• _PROBLEM DESCRIPTION_: Copy nothing before the line that contains "Toyota Axio 2009 Silver"; from there, transcribe each line exactly through the end of the material, omitting pictures.
++++++
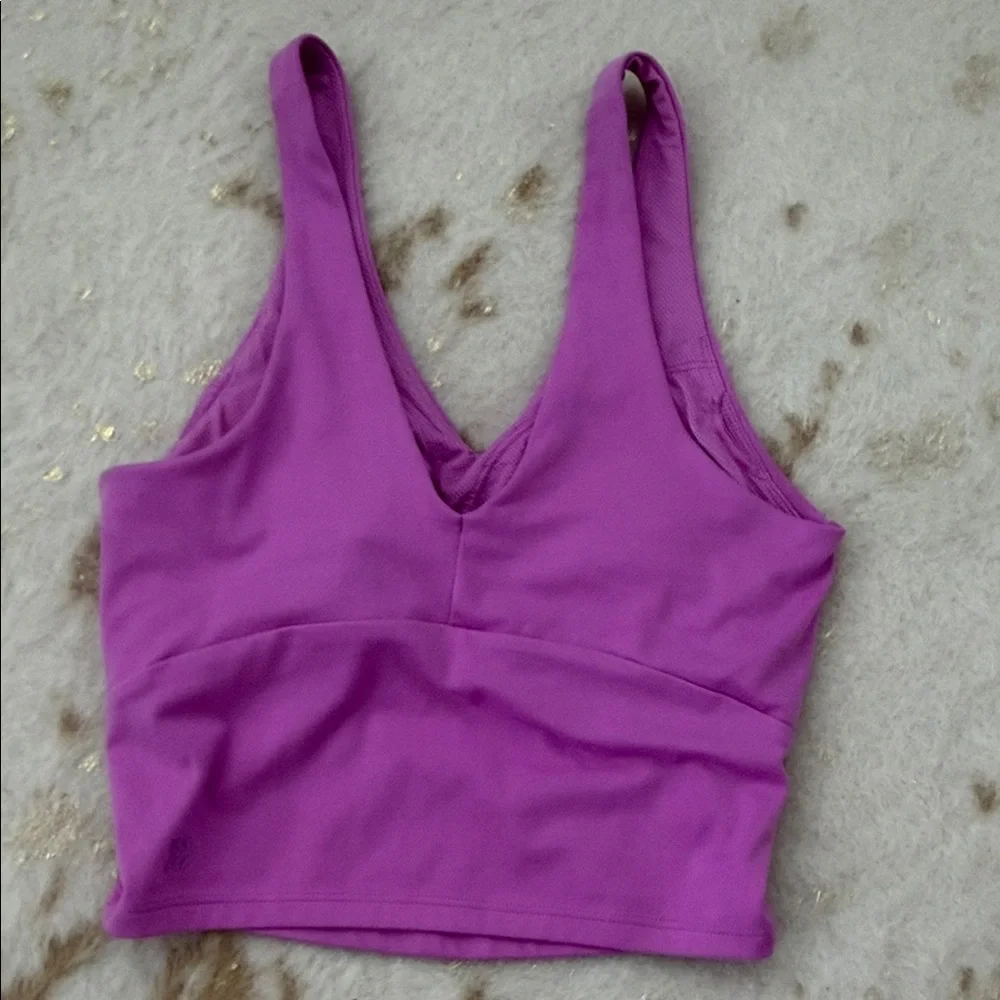 All in Motion Fuschia Crop Top - Picture 5 of 5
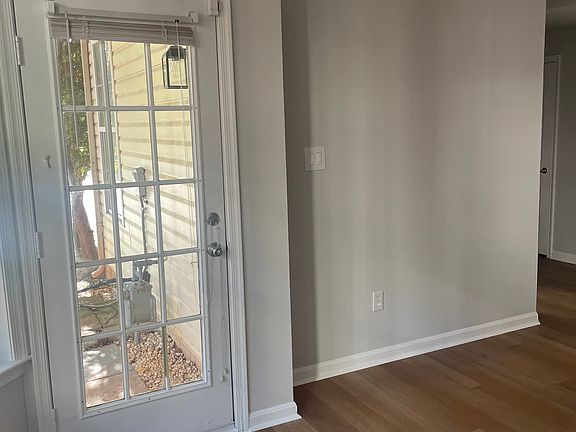 5th image of 20974 Cohasset Ter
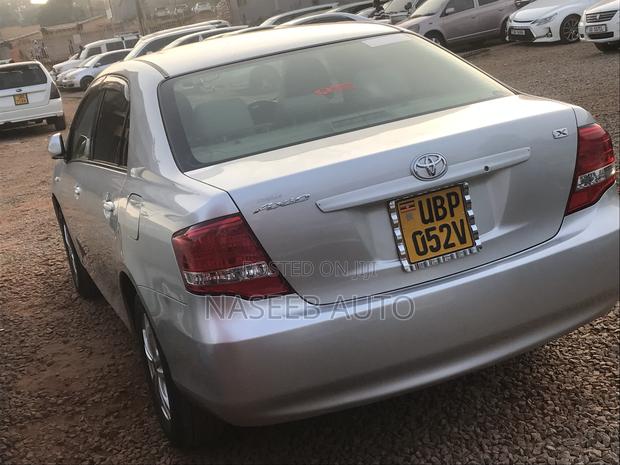Toyota Axio 2009 Silver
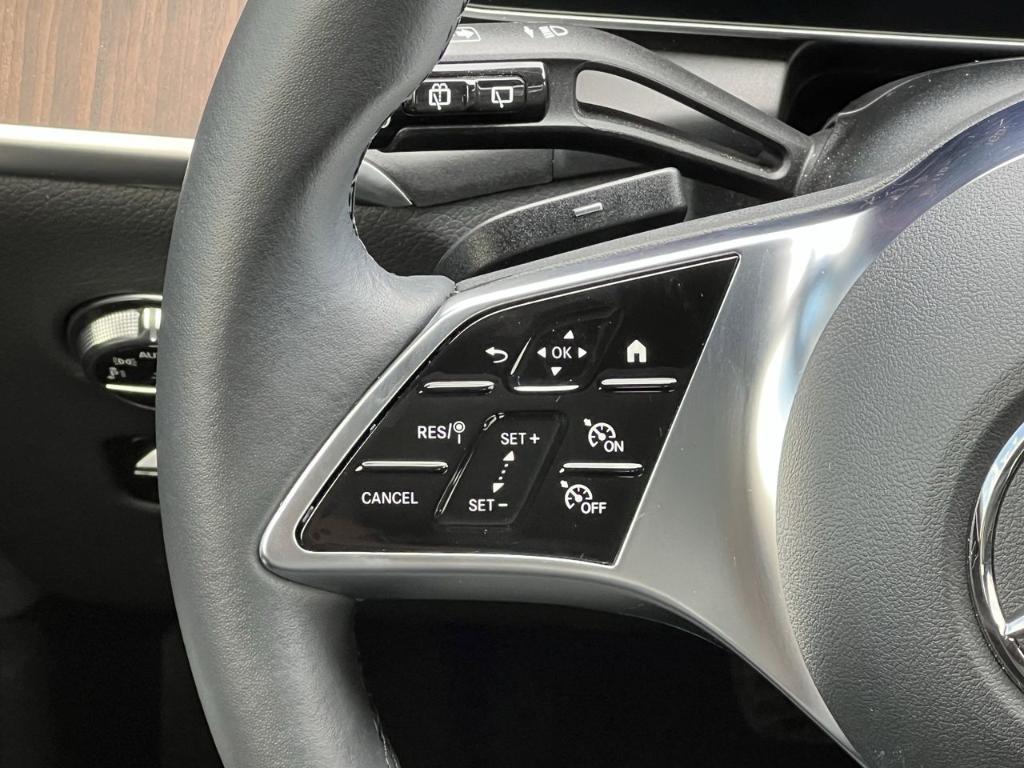 used 2025 Mercedes-Benz GLC 300 car, priced at $42,985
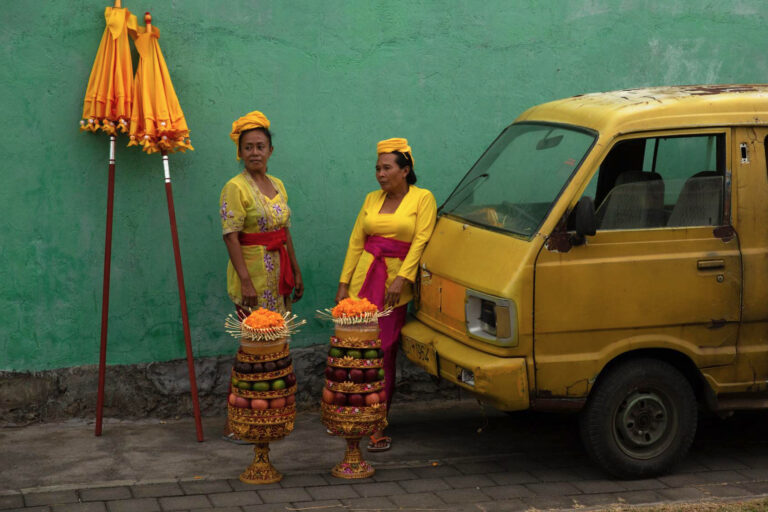 Color photography by Michael Dean Morgan, women, Bali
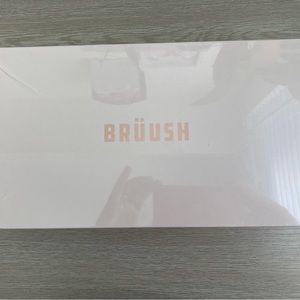 *Jilly ❤️ Box Pink 💗 Electric Toothbrush 🪥 by Bruush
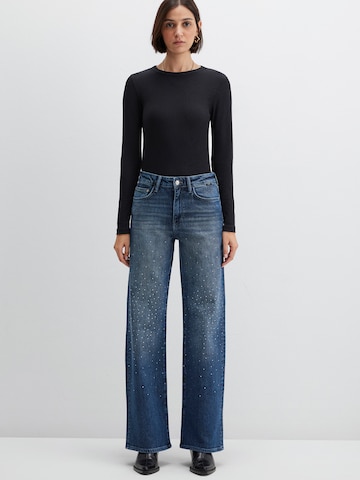 zils Mavi Platas staras Džinsi 'MALIBU': no priekšpuses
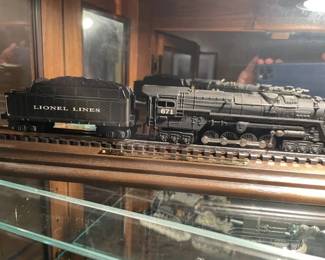 'Lionel Lines' Collectible Train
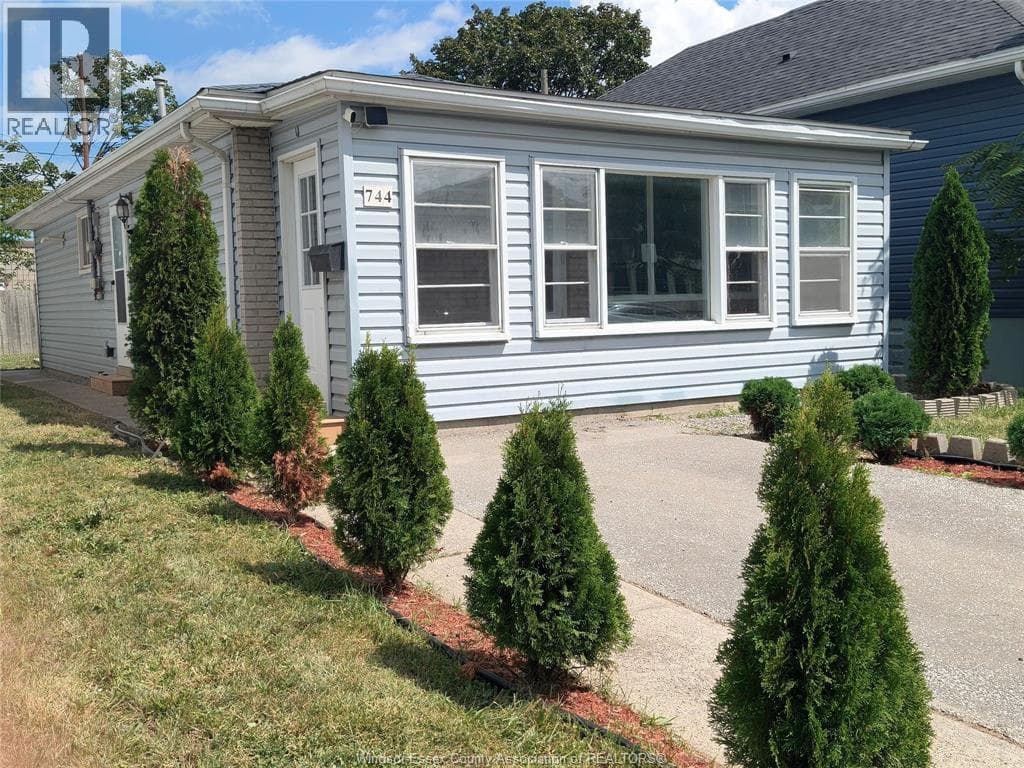 Single Family at 744 MCKAY Avenue, Windsor, Ontario - Photo 2 - RE/MAX Garden City Realty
++++++
• _EXERCISE ANSWER_:
Toyota Axio 2009 Silver
 used 2025 Mercedes-Benz GLC 300 car, priced at $42,985
 Color photography by Michael Dean Morgan, women, Bali
 *Jilly ❤️ Box Pink 💗 Electric Toothbrush 🪥 by Bruush
 zils Mavi Platas staras Džinsi 'MALIBU': no priekšpuses
 'Lionel Lines' Collectible Train
 Single Family at 744 MCKAY Avenue, Windsor, Ontario - Photo 2 - RE/MAX Garden City Realty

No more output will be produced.